= Welsh Manuscripts Society =

1837 literary organisation

The Welsh Manuscripts Society, also known as the Society for the Publication of Ancient Welsh Manuscripts, was a learned society concerned with the study and publication of early Welsh and British manuscripts. It was established in 1837 in Abergavenny, in the historic county of Monmouthshire in South East Wales, by six members of the Cymreigyddion y Fenni.

==History==
Thomas Price (Carnhuanawc) (1854) recorded that William Williams (1788–1855), a member of the long-established Williams family of Aberpergwm, Glamorganshire, and the eldest brother of Maria Jane Williams, suggested the establishment of the society at the third anniversary of the Cymreigyddion y Fenni, which was held on 23 and 24 November 1836 in the Free Grammar school-room of Abergavenny.

The society had the purpose of collecting, studying and, as a text publication society, of publishing manuscripts relating to the ancient poetry, prose and historiography of Britain and Wales.
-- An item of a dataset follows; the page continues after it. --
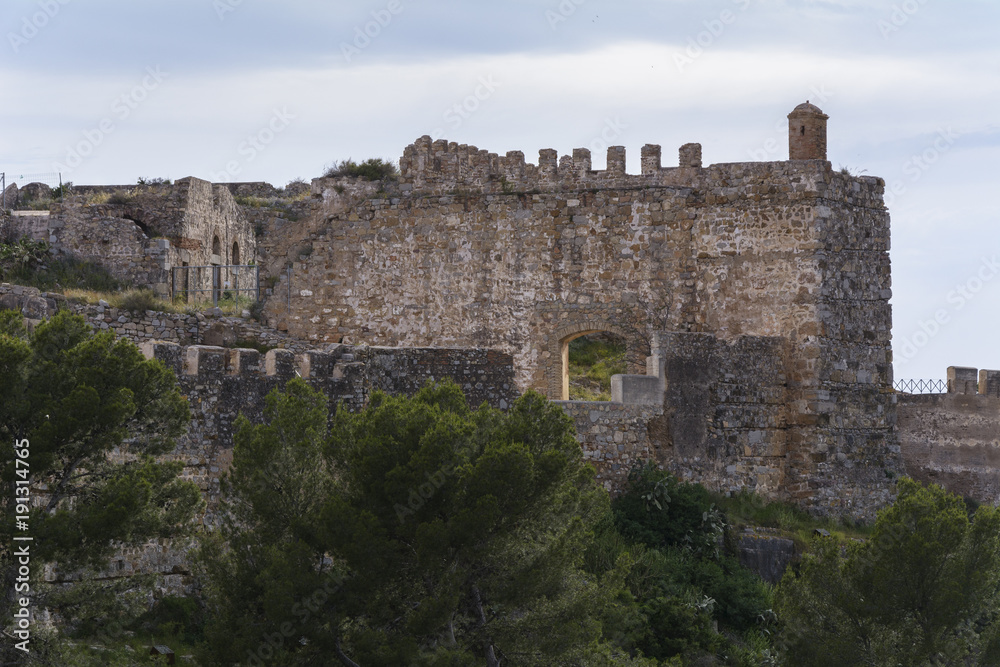 Muralla en el castillo de Sagunto. Valencia. España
Thomas Price (Carnhuanawc) habitually commended the important new books that the Society published in the speeches that he delivered at the eisteddfodau of the Cymreigyddion y Fenni.
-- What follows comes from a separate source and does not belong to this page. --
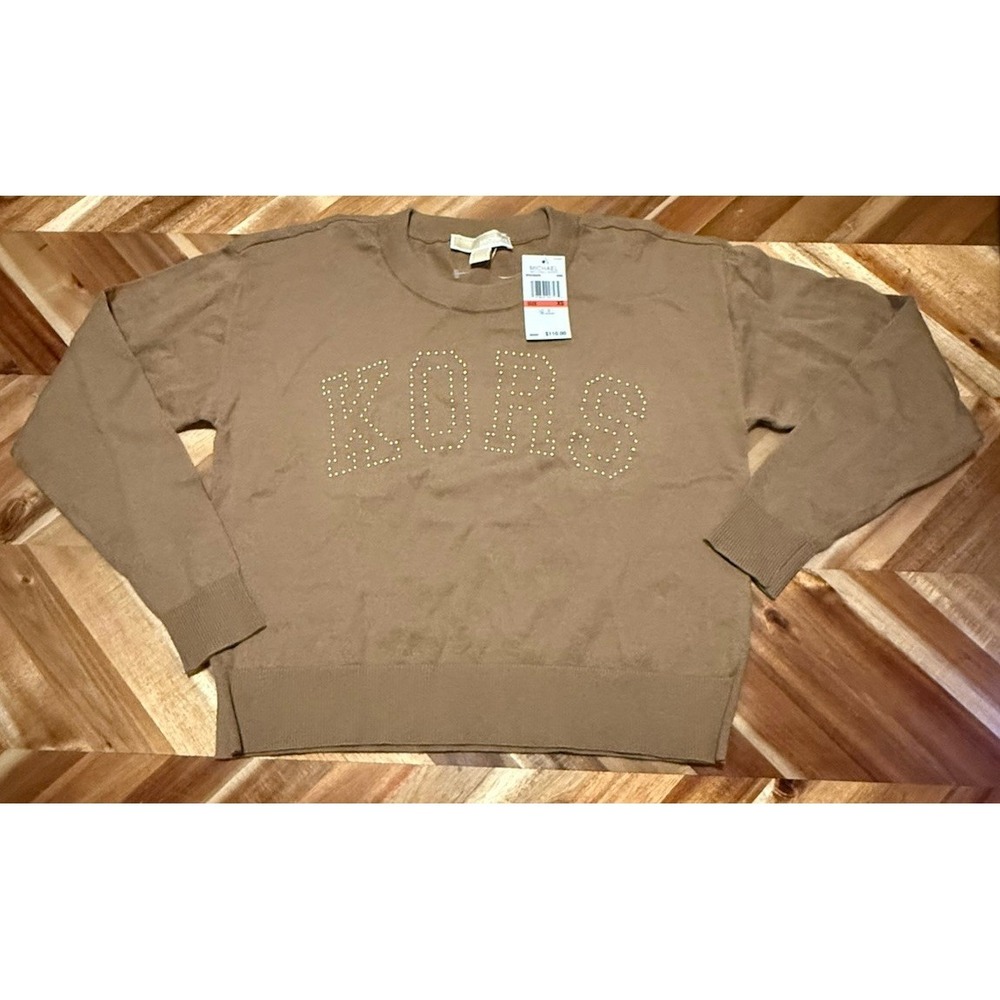 NWT Michael Kors Oversized XS Cotton Blend Sweater Womens Brown Spell Out $110‎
In 1856 the society published a Welsh language grammar which is said to have been written by Davod Aur Edeyrn. Its final publication was Barddas; or, a collection of original documents, illustrative of the theology, wisdom and usages of the Bardo-Druidic system of the isle of Britain, which was edited and translated by Rev. John Williams (Ab Ithel). The first volume appeared in 1862; and the second volume, in an incomplete form, in 1874.

William Rees of Llandovery, Carmarthenshire, was the printer and publisher for the society.